**To do**
The entries are to be written out again with no differences.

[Short text fragments from websites]
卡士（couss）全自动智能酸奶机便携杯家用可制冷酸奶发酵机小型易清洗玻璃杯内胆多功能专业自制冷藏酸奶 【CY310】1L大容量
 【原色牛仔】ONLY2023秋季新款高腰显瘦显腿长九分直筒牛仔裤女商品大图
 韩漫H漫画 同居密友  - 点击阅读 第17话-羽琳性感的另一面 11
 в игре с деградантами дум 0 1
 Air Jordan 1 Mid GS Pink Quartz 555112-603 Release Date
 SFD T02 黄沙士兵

**Solution**
卡士（couss）全自动智能酸奶机便携杯家用可制冷酸奶发酵机小型易清洗玻璃杯内胆多功能专业自制冷藏酸奶 【CY310】1L大容量
 【原色牛仔】ONLY2023秋季新款高腰显瘦显腿长九分直筒牛仔裤女商品大图
 韩漫H漫画 同居密友  - 点击阅读 第17话-羽琳性感的另一面 11
 в игре с деградантами дум 0 1
 Air Jordan 1 Mid GS Pink Quartz 555112-603 Release Date
 SFD T02 黄沙士兵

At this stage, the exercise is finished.